Carol Burris and Darcie Cimarusti of the Network for Public Education spent months assembling a portrait of the Dark Money that is now pouring in to local school board races, not to save schools or improve them, but to privatize them.

Valerie astrauss posted their shocking expose here.

Strauss begins:

“The Denver Post’s editorial board recently published a piece endorsing four candidates running for the Denver school board, all of them in support of reforms that employ some basic principles of for-profit businesses to the running of nonprofit public education. The editorial calls their opponents “anti-reformers” (as if they oppose making things better for students) and says they “enjoy plenty of money and energy.” (That, apparently, includes a 19-year-old “anti-reformer” candidate who just graduated from high school.)

“Here’s what it doesn’t mention: the big out-of-state money behind the editorial board’s chosen candidates.
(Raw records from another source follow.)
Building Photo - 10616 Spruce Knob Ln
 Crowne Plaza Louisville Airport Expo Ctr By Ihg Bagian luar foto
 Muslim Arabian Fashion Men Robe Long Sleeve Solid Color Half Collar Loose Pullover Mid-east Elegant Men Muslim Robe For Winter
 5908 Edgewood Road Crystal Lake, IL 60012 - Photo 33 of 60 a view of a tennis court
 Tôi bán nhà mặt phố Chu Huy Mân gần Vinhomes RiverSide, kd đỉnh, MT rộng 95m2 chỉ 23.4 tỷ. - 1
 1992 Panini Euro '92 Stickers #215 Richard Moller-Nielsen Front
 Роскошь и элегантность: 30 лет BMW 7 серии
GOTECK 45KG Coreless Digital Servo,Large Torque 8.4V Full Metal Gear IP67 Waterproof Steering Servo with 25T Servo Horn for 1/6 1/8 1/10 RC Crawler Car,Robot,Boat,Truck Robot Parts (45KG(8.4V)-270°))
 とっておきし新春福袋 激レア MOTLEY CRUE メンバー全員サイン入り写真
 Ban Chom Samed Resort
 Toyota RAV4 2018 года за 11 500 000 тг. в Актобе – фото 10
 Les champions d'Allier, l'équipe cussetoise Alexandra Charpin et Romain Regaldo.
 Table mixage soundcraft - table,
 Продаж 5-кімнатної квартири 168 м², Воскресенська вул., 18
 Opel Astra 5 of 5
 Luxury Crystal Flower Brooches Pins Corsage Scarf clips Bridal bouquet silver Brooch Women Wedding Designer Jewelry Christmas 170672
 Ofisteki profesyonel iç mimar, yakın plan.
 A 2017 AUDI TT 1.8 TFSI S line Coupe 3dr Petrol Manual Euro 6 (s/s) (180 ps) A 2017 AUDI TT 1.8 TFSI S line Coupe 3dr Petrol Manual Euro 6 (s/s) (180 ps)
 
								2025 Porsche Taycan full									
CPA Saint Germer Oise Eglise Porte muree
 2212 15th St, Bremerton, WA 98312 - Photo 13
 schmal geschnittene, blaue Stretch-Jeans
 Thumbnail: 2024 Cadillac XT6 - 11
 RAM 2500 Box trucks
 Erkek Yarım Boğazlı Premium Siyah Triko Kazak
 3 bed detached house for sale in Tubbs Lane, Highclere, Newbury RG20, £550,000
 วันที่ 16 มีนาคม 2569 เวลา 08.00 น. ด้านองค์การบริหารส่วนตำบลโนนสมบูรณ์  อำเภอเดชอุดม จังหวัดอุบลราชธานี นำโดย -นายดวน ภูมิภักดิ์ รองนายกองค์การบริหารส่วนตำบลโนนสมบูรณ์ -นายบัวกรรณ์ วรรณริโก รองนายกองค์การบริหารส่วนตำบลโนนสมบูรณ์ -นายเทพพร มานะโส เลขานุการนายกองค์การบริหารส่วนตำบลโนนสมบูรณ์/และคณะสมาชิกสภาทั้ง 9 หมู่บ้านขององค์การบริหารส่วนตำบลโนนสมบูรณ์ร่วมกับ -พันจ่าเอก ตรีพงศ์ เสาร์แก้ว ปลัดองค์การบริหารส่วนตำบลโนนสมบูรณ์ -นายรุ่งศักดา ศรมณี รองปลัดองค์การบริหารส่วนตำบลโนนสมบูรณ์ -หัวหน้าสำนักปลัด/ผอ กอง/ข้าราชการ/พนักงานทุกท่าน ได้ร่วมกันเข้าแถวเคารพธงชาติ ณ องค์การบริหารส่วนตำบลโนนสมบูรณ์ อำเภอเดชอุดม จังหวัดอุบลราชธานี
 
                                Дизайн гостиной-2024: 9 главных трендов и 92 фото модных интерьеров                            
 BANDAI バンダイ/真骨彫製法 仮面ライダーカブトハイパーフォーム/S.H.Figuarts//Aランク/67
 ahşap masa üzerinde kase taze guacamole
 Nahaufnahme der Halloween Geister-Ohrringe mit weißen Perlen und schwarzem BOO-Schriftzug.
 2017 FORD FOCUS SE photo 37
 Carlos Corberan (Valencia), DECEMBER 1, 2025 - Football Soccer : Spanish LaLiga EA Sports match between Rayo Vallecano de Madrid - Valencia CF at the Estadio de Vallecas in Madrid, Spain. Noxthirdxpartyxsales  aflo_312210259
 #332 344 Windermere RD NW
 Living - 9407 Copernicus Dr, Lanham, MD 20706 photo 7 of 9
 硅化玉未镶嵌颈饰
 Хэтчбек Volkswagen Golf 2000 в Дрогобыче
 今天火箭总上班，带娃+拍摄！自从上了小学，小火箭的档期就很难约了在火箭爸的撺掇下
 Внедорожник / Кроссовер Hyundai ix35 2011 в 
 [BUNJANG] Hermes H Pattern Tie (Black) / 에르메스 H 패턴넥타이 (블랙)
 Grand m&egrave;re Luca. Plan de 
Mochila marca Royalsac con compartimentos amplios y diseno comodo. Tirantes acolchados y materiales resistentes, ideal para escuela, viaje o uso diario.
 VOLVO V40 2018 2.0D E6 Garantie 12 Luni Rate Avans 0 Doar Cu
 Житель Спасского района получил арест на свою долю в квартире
This is a phenomenon that we’ve seen for years now, one in which some of America’s wealthiest citizens back school board candidates — even in states in which they don’t reside — to push their view of how public schools should operate. It has happened in Louisiana, California, Minnesota, Arkansas, Washington, etc.

“This is a detailed post explaining the flow of dark money — funds donated to nonprofit organizations that spend the money to influence elections but do not have to disclose where they got it — by looking at the Denver school board race. There are four open seats on the seven-seat board and a total of 10 candidates.”

Who are these billionaires and millionaires who are spending huge sums to buy acquiescence to privatization, whether in Denver or Massachusetts or elsewhere?